EXERCISE OBJECTIVE => Whenever a picture appears in the records, exclude it, and transcribe everything else exactly.

SOURCE INFORMATION =>

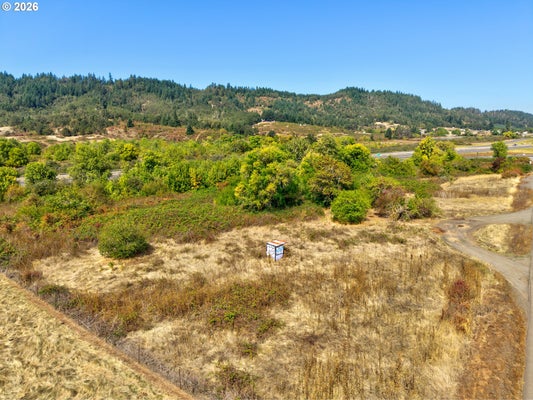 2344 JOHN LONG RD, OAKLAND, OR 97462 - Image b027998f5e34b0a32fe5c7ae53fc2d3e/1353554478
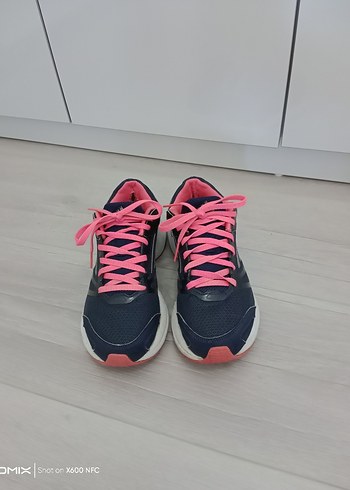 Adidas orijinal Kadın Spor Ayakkabı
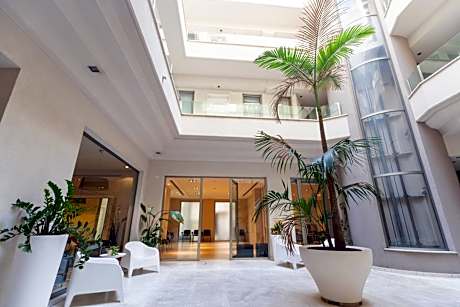 Home 15 Residence Hotel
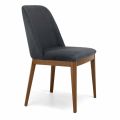 Klädd stol med ekbotten tillverkad i Italien - Sebastian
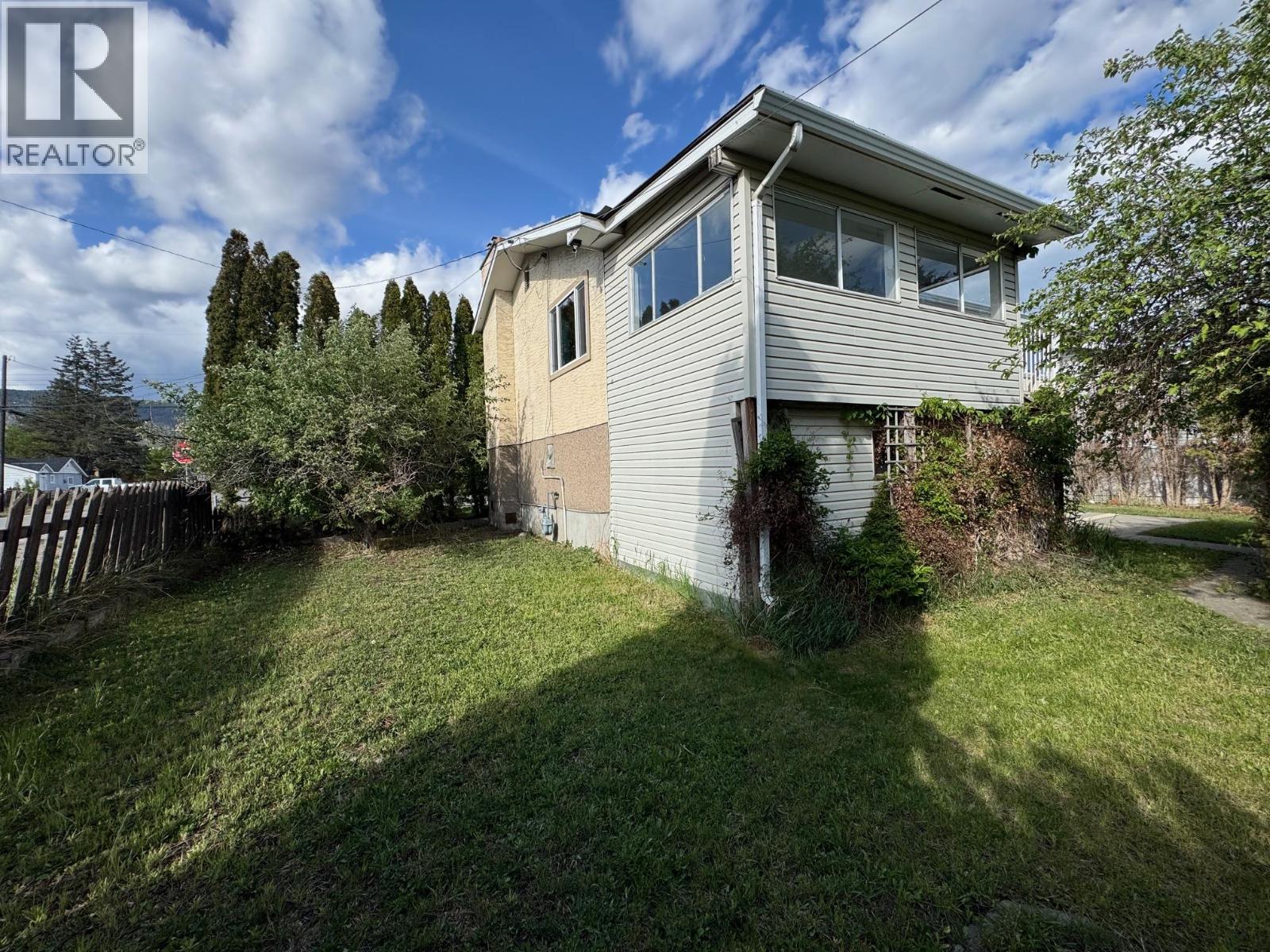 2402 Clapperton Avenue, Merritt, British Columbia  V1K 1A2 - Photo 19 - 10388174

ANSWER SECTION =>
 2344 JOHN LONG RD, OAKLAND, OR 97462 - Image b027998f5e34b0a32fe5c7ae53fc2d3e/1353554478
 Adidas orijinal Kadın Spor Ayakkabı
 Home 15 Residence Hotel
 Klädd stol med ekbotten tillverkad i Italien - Sebastian
 2402 Clapperton Avenue, Merritt, British Columbia  V1K 1A2 - Photo 19 - 10388174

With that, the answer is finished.